The first was that Josiah hid it in mind of the prophecy to Hezekiah of Babylon taking the Temple's treasures. This makes no sense for two reasons: one, he had JUST brought the darn thing BACK to the Temple; why would he have done that IF he was afraid of the prophecy? Second, he was more concerned at the time with Egypt, before whose armies he would die DESPITE Pharaoh Necho prophesying that God didn't want Josiah to fight the battle.
The second, which made a bit more sense, actually comes to us from a Book that the Catholic Church still recognizes- 2 Maccabees. In that book, the story is told that Jeremiah himself took it to Mt Sinai and hid it. Followers sought out the mouth of the cave he hid it in and couldn't find it; he told them that it would not be found again until after the children of Israel had been gathered in their homeland one final time.
Do I buy that? I'm skeptical, and here are some reasons why again. First off, the story says that he not only hid the Ark, but the Tabernacle itself and the altar of incense. That is a LOT of luggage for one guy to lug way into the desert. (And how do I know that he did it alone? Because afterwards, NO ONE could find it.) Second, the Tabernacle had not been mentioned one time in the four hundred years since Solomon replaced it with the Temple; while it is possible that 400-year-old fabric that had to be hid from evil kings every 20 years or so COULD survive through divine intervention, 3:16 pretty much shows us that God WOULD NOT do such a thing.
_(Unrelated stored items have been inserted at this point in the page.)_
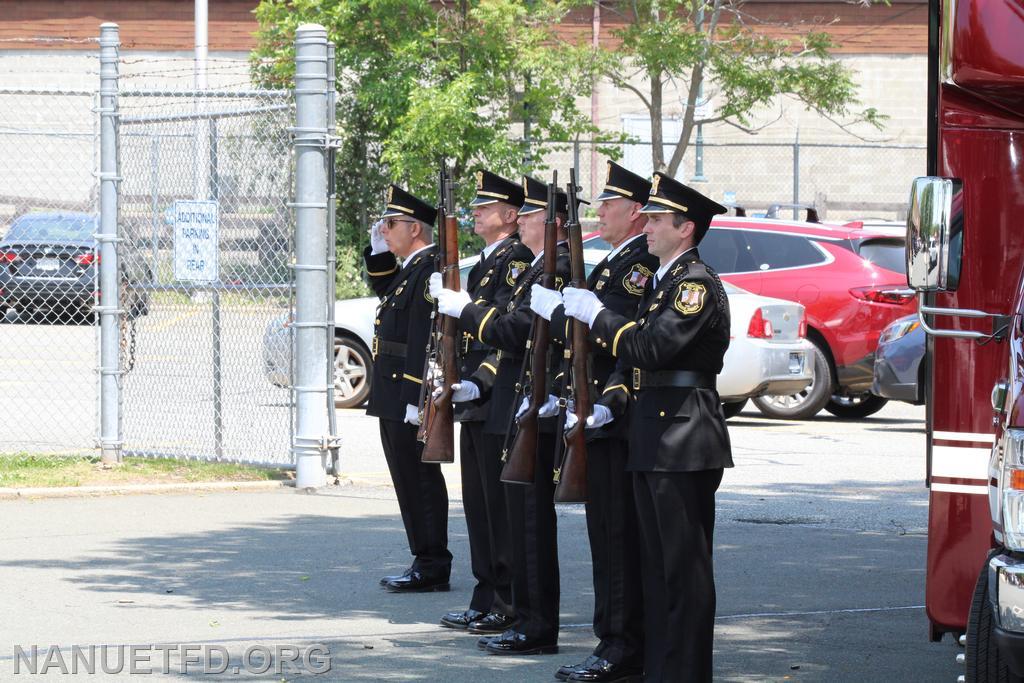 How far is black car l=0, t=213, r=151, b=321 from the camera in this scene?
13070 mm

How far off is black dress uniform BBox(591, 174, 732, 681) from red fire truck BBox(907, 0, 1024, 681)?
0.79 metres

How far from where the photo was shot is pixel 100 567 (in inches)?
336

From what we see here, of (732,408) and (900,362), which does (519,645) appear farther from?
(732,408)

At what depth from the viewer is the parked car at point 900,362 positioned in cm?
1411

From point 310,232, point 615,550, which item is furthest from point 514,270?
point 310,232

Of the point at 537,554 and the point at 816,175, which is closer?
the point at 537,554

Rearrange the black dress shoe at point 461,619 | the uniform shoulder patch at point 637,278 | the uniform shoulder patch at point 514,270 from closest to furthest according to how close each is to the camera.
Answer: the uniform shoulder patch at point 637,278
the uniform shoulder patch at point 514,270
the black dress shoe at point 461,619

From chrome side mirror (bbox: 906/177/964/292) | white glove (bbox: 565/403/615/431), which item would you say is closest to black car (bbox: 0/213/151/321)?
white glove (bbox: 565/403/615/431)

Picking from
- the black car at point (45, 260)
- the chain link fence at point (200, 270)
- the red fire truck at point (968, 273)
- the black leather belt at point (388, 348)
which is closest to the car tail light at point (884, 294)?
the chain link fence at point (200, 270)

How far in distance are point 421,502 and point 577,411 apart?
1.96m

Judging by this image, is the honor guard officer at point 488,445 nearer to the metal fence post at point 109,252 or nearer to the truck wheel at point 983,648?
the truck wheel at point 983,648

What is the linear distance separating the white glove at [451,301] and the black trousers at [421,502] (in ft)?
3.58

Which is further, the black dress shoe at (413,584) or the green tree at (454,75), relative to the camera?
the green tree at (454,75)

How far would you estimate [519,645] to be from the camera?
22.6ft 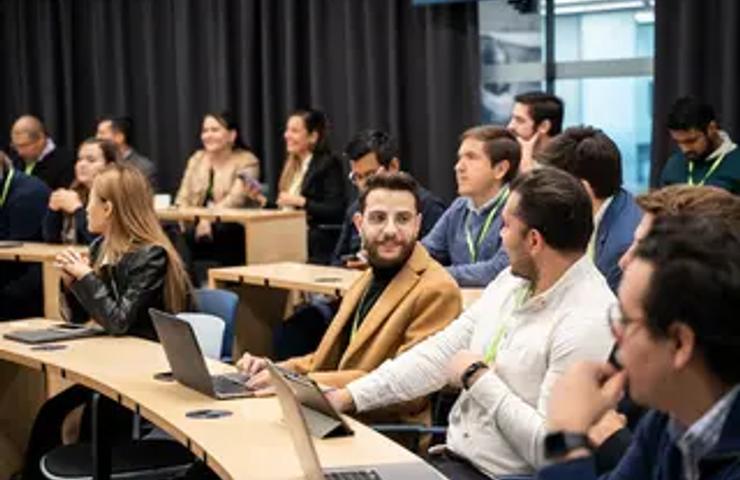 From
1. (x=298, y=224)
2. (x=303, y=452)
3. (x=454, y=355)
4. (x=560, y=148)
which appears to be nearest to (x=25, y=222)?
(x=298, y=224)

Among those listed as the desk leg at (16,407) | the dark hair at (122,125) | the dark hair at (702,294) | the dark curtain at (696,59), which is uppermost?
the dark curtain at (696,59)

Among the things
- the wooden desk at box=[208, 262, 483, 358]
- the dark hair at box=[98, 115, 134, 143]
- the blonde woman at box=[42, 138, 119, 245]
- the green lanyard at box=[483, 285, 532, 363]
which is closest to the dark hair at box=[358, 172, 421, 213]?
the green lanyard at box=[483, 285, 532, 363]

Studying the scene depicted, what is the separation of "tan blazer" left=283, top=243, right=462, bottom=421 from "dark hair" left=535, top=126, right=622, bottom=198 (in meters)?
0.91

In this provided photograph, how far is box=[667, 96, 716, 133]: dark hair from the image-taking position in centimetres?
605

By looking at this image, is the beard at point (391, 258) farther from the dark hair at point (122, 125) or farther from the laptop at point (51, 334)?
the dark hair at point (122, 125)

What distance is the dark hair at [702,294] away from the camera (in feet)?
5.49

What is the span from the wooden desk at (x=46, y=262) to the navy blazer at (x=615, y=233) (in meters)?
3.18

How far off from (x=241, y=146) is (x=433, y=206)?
111 inches

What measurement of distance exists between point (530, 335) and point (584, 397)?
Answer: 931 millimetres

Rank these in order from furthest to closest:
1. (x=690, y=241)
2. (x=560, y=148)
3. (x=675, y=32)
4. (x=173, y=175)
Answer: (x=173, y=175) → (x=675, y=32) → (x=560, y=148) → (x=690, y=241)

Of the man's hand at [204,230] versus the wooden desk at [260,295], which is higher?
the man's hand at [204,230]

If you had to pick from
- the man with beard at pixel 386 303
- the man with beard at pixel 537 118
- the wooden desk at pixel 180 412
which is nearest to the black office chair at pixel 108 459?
the wooden desk at pixel 180 412

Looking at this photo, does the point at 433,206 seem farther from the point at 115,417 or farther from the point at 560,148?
the point at 115,417

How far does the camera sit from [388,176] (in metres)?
3.88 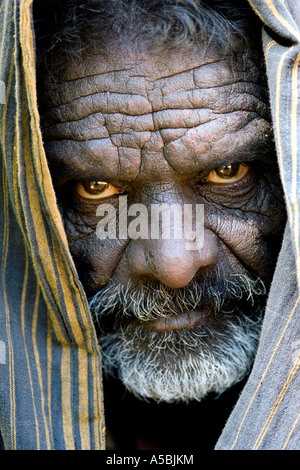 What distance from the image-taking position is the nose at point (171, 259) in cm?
158

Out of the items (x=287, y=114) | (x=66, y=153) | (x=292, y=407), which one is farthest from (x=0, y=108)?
(x=292, y=407)

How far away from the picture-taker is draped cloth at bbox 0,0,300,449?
137cm

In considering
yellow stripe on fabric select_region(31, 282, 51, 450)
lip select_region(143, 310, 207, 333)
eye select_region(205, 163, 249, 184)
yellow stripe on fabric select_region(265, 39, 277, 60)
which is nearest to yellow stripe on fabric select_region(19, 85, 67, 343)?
yellow stripe on fabric select_region(31, 282, 51, 450)

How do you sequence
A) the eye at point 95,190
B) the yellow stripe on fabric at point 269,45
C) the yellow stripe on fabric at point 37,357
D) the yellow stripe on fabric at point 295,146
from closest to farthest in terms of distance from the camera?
the yellow stripe on fabric at point 295,146 → the yellow stripe on fabric at point 269,45 → the yellow stripe on fabric at point 37,357 → the eye at point 95,190

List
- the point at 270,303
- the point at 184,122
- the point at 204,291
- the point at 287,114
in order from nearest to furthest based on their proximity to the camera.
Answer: the point at 287,114 < the point at 270,303 < the point at 184,122 < the point at 204,291

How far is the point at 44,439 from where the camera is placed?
1.60 metres

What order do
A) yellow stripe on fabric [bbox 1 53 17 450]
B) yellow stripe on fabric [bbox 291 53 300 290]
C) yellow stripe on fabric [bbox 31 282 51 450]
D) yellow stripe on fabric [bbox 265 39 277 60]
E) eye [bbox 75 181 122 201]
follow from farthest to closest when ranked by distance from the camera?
eye [bbox 75 181 122 201], yellow stripe on fabric [bbox 31 282 51 450], yellow stripe on fabric [bbox 1 53 17 450], yellow stripe on fabric [bbox 265 39 277 60], yellow stripe on fabric [bbox 291 53 300 290]

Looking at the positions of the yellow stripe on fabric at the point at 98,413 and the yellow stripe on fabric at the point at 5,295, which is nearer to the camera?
the yellow stripe on fabric at the point at 5,295

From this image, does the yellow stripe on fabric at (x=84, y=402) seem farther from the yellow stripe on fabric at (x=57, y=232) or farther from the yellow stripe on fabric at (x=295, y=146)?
the yellow stripe on fabric at (x=295, y=146)

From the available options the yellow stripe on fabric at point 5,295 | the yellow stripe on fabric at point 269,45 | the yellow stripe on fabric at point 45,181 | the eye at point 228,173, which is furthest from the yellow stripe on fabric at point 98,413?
the yellow stripe on fabric at point 269,45

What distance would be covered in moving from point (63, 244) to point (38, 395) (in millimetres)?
461

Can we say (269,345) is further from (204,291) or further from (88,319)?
(88,319)

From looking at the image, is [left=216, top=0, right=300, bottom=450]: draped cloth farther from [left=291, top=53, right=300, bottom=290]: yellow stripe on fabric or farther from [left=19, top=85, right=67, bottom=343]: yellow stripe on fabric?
[left=19, top=85, right=67, bottom=343]: yellow stripe on fabric

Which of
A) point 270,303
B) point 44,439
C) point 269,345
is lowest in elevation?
point 44,439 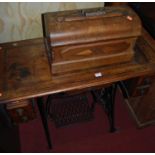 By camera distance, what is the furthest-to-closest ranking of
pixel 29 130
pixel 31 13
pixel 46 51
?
pixel 29 130
pixel 31 13
pixel 46 51

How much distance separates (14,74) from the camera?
1113mm

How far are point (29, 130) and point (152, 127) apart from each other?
1204 mm

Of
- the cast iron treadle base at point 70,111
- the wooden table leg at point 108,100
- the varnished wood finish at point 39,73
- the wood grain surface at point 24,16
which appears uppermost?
the wood grain surface at point 24,16

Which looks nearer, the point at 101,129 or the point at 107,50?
the point at 107,50

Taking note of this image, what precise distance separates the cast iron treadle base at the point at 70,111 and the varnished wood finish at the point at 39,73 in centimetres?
76

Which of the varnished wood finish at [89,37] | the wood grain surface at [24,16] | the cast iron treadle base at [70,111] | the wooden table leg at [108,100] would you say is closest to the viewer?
the varnished wood finish at [89,37]

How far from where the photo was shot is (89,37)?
39.9 inches

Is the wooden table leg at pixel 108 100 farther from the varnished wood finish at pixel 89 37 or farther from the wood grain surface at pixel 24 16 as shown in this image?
the wood grain surface at pixel 24 16

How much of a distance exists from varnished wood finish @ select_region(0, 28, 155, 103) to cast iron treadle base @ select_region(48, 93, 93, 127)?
0.76 metres

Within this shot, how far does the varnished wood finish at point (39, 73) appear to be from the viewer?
104 centimetres

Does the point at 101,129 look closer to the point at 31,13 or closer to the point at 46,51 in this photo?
the point at 46,51

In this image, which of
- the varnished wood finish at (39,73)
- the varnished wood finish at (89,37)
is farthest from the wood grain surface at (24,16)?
the varnished wood finish at (89,37)

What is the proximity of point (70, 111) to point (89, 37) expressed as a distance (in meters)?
1.05

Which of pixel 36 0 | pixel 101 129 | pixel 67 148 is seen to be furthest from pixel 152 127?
pixel 36 0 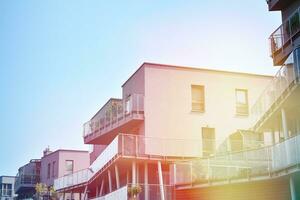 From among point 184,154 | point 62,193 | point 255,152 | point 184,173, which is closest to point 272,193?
point 255,152

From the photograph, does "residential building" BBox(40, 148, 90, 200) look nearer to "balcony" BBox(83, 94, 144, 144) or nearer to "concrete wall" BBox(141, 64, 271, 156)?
"balcony" BBox(83, 94, 144, 144)

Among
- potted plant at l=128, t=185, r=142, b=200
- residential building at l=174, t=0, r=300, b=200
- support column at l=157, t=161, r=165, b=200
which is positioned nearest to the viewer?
residential building at l=174, t=0, r=300, b=200

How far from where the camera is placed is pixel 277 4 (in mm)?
23125

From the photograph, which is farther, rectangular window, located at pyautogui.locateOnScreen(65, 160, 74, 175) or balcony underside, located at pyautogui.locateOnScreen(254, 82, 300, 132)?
rectangular window, located at pyautogui.locateOnScreen(65, 160, 74, 175)

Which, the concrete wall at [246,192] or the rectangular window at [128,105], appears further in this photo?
the rectangular window at [128,105]

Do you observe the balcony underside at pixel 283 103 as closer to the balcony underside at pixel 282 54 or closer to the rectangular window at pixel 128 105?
the balcony underside at pixel 282 54

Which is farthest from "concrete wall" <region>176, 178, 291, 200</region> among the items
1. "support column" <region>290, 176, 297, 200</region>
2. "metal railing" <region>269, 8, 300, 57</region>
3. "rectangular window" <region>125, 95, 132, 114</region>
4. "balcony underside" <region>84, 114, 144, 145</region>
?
"rectangular window" <region>125, 95, 132, 114</region>

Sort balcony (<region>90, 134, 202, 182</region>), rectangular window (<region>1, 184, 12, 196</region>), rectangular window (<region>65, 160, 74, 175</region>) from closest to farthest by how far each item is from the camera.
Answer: balcony (<region>90, 134, 202, 182</region>)
rectangular window (<region>65, 160, 74, 175</region>)
rectangular window (<region>1, 184, 12, 196</region>)

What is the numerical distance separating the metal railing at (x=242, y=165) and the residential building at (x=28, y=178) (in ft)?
120

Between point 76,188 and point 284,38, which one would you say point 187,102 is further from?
point 76,188

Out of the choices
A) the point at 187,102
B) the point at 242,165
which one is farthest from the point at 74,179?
the point at 242,165

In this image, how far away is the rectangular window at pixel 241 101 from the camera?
31.7m

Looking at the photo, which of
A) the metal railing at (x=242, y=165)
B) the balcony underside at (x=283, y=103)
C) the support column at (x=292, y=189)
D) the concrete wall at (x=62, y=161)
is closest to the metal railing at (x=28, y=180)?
the concrete wall at (x=62, y=161)

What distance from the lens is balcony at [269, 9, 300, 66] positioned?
2086 cm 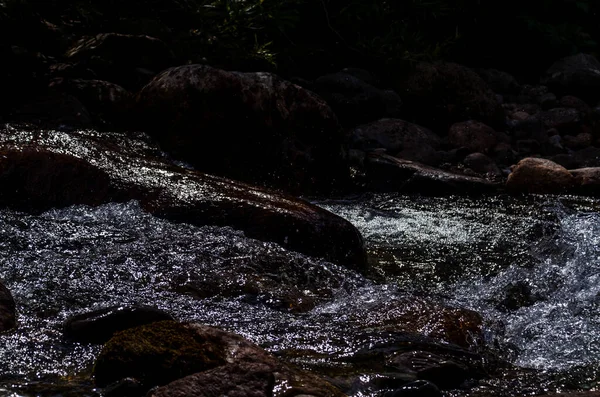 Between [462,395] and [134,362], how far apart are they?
1.26m

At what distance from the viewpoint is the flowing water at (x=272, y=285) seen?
3.76 m

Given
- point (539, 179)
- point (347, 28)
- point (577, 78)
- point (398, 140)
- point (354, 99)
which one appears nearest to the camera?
point (539, 179)

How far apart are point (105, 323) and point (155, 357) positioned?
0.51 m

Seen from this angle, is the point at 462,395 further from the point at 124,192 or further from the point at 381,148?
the point at 381,148

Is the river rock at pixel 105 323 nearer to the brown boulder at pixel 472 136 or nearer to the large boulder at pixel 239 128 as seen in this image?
the large boulder at pixel 239 128

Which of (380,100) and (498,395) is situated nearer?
(498,395)

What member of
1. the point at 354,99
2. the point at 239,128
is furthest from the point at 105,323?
the point at 354,99

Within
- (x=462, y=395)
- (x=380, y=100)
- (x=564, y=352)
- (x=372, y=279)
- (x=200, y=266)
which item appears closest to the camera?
(x=462, y=395)

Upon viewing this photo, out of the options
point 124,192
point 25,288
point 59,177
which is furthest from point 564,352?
point 59,177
Finally, because wherever you have folklore, you have people and items that are supposed to come back in the last days, and stuff that is miraculously found intact just because it was attached to something significant in Church history. The Ark et al joins such luminaries and items as the last Emperor of Byzantium and/or the last Patriarch thereof; various kings of Europe and others such as, as I recall, Nicholas II of Russia and Martin Luther; a crowd of Biblical characters that, believe it or not, include not only the aforementioned Zedekiah, but King Saul as well; the Holy Grail, the True Cross, the Spear of Destiny (which pierced Christ's side), and Noah's Ark, soon to celebrate its some-odd thousand year anniversary.
In my opinion, Jeremiah 3:16 puts paid to all that. God is not some Cosmic collector of Memorabilia. He gave people symbols to point to what was coming; when Jesus came, all those things were fulfilled. And excepting Moses and Elijah, I see nothing that contends that anyone in particular will be brought back in the end days, at least until Christ returns with the Army of Heaven.